A poorly functioning thyroid gland can have a big impact on how one feels every day. Unfortunately thyroid problems often go overlooked, or are undetected due to lack of proper screening and testing. Many thyroid symptoms are often never addressed properly because they are considered ‘normal’ or thought to be caused by some other problem.

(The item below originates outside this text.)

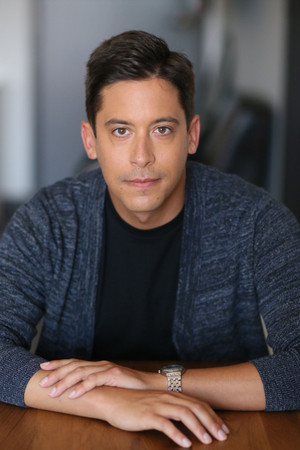 Michael J. Knowles profil kép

One common cause of an under active thyroid gland is a condition call Hashimoto’s Thyroiditis. Hashimoto’s is an autoimmune disease in which the immune system attacks the thyroid gland because it mistakenly recognizes the cells of the thyroid tissue as foreign and begins attacking and destroying them. When Hashimoto’s is present there’s an increase in a particular antibody called Thyroid Peroxidase or TPO, this is often overlooked because it’s not properly screened for as many medical providers only check one lab, TSH (Thyroid Stimulating Hormone). Proper testing for Hashimoto’s should include: TSH, Free T3 and TPO. It’s possible that the TSH and Free T3 will fall into ‘normal’ ranges and only TPO will be elevated, if it’s not checked however then the condition may go undetected.

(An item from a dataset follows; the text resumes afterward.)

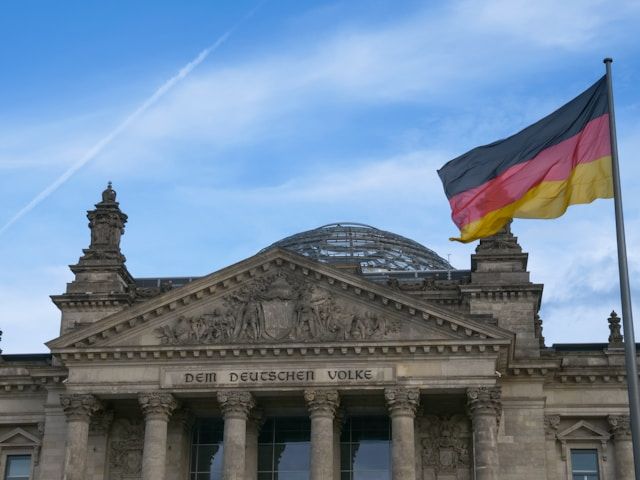 国会議事堂の正面に掲げられたドイツ国旗と「ドイツ国民へ」の碑文。公的な文章や契約書のドイツ語翻訳がいかに重要かを象徴するイメージ。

Thyroid hormone is a metabolic hormone secreted by the thyroid gland that regulates: temperature, metabolism, cerebral function, and energy. It increases fat breakdown resulting in weight loss as well as lower cholesterol. It protects against: cardiovascular disease, cognitive impairment, memory loss, and fatigue and weight gain. There are many symptoms associated with thyroid deficiency: weak, cold, tired, fatigued, thin hair, thin skin, thin nails, weight gain, increased body fat, loss of energy and motivation, loss of cognition, memory, mood, poor sense of well-being. Common causes of thyroid deficiency: over time the amount of thyroid hormone decreases secondary to decreased production by the gland, decreased conversion of T4 to T3, and less effectiveness at the receptor sites causing low thyroid symptoms in spite of “normal” blood levels.

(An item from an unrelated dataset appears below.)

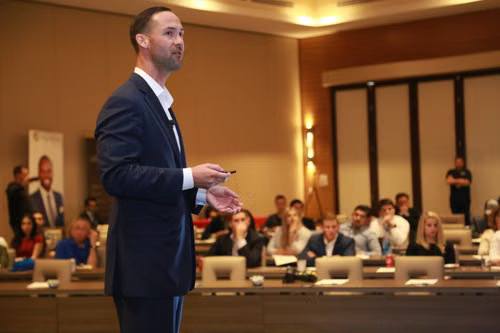 Planning a Safety Conference? How a Motivational Safety Speaker and a Mentalist for Corporate Events Shape the Day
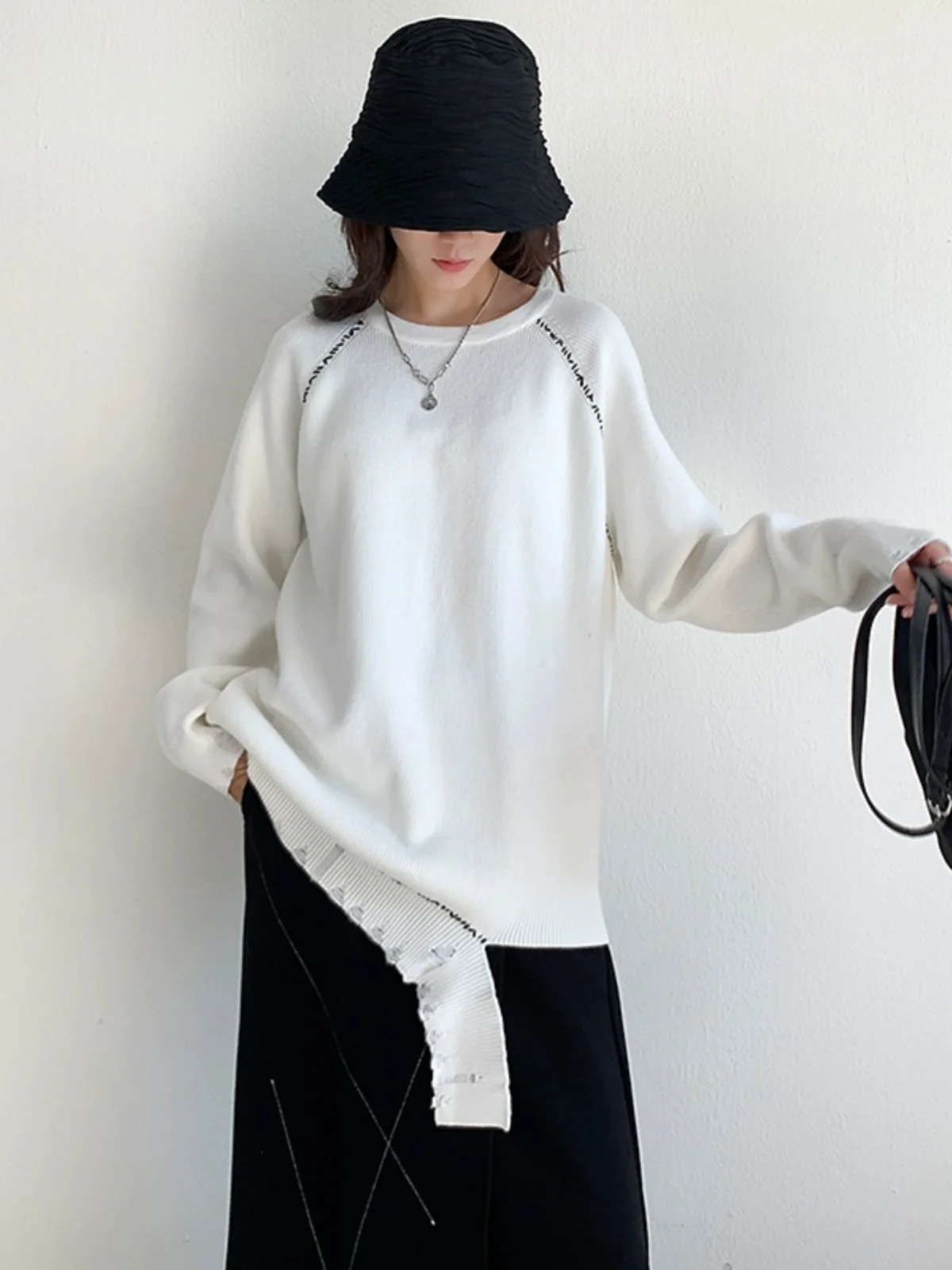 

Loose Long Sve Knitted Sweater Hollow out Design Autumn Winter New Sle round Ne Pullover Wool Blend Faionable Women'...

If you feel your thyroid may be holding you back, be sure to get the proper testing, as “normal” isn’t always normal without looking at the big picture. Doctors and other medical providers are taught to ‘treat the patient’ not just the paperwork, so also be sure to thoroughly explain all of your symptoms to them, so they can make the proper decisions for managing your possible thyroid problems.